The premise of the book Center Church is that the church should be balanced. Keller has three areas he addresses where the church should strive to find a balance, which form the structure of the entire book: the Gospel, The City and Movements. The three subjects are placed on axes with two extremes on each side that need to be avoided and then he challenges us to find the church somewhere near the center where there is balance. Thus a "centered church."
The balance on the three axes, and in fact the visual summary of the book, are as follows:
only challenge-----------City------------only appreciate
Structured organization/ Fluid organism/
tradition & authority---------Movement---------cooperation & unity
What I found most troubling about Center Church by Keller is his first category–his axis on the gospel. Who in their right mind would challenge Keller theologically on the subject of the Gospel? Well, in this case I will at least make an observation.
Frankly, I have a problem with positioning the gospel as a balance between religious “legalism” and “relativistic irreligion.” The gospel does not belong in such a place as though it is finding the balance between enough bass and treble with your spiritual equalizer.
Yes, the gospel should be at the center of all we think and do, and Keller is right on target in what he says about this.

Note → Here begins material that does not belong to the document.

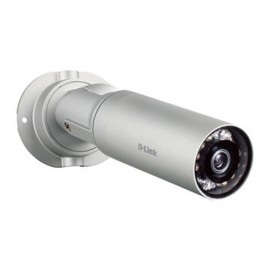 CAMARA HD EXTERIOR MINI BULLET IP CLOUD D-LINK DCS-7010L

I whole heartedly agree with that premise, but the Gospel is not a balance between legalism and licentiousness; in fact the Gospel is an extreme in and of itself. You cannot get more extreme than the substitutionary atonement found delivered in Jesus’ sacrifice. Salvation by grace through faith is not a balanced compromise in any sense of the word. It is called “the stumbling block of the cross” for a reason and is not a balanced approach between self-righteous works and reckless abandonment to sin. The Gospel is not partly legalism and partly licentiousness. It is none of the above, it contains none of the above, and you cannot find the Gospel by balancing the two. The Gospel is the defeat of sin, whether that sin is legalism or lawlessness.
Dr. Keller knows this. In fact he states as much in a footnote where he says, “putting the gospel between these two extremes is simply a visual shorthand.” Keller says, “The gospel is neither religion nor irreligion, but something else entirely—a third way of relating to God through grace. Because of this, we minister in a uniquely balanced way that avoids the errors of either extreme and faithfully communicates the sharpness of the gospel.”
So I know he understands this, why then would he even posture the gospel on such an axis? Personally, I am a visual learner and that is why this jumped out at me so much. If one reads the book and pays no attention to the diagrams I do not think there would be as much problem. Perhaps that explains why there seems to be nearly 100% positive reviews of the book.
I contend, however, that this “visual shorthand” gives the reader polluted non-verbal signals that can be confusing and can also lead to some very unhealthy reactions. While much of what is said in the book is fantastic, one cannot escape the fact that the entire design of Center Church is built around the premise that we are to find a balance between the extremes on the axes that are presented. This is not a minor mistake; it is the predominant theme of the book, both its title and structure are built entirely on this very premise. For that reason I am very uncomfortable with this “visual shorthand”.
There is much value in the book and I do recommend it. If you are a missionary this book can help you to work through how to redeem the image of God in a culture while also remaining countercultural with the life-transforming Gospel. If you are a pastor but not a missionary you should read this book and start being a pastor and a missionary. Personally, I found the center section of Center Church to be most helpful.
It is just unfortunate that the book is organized with a “visual shorthand” that places the Gospel precariously between two doctrinal heresies. There is none better than Keller at communicating to a highly educated, secular audience the goodness of the Gospel, and he will help you think this through in Center Church. I just wish he didn’t put the gospel between legalism and relativism. The Gospel should be presented in many more places in this world, but not there.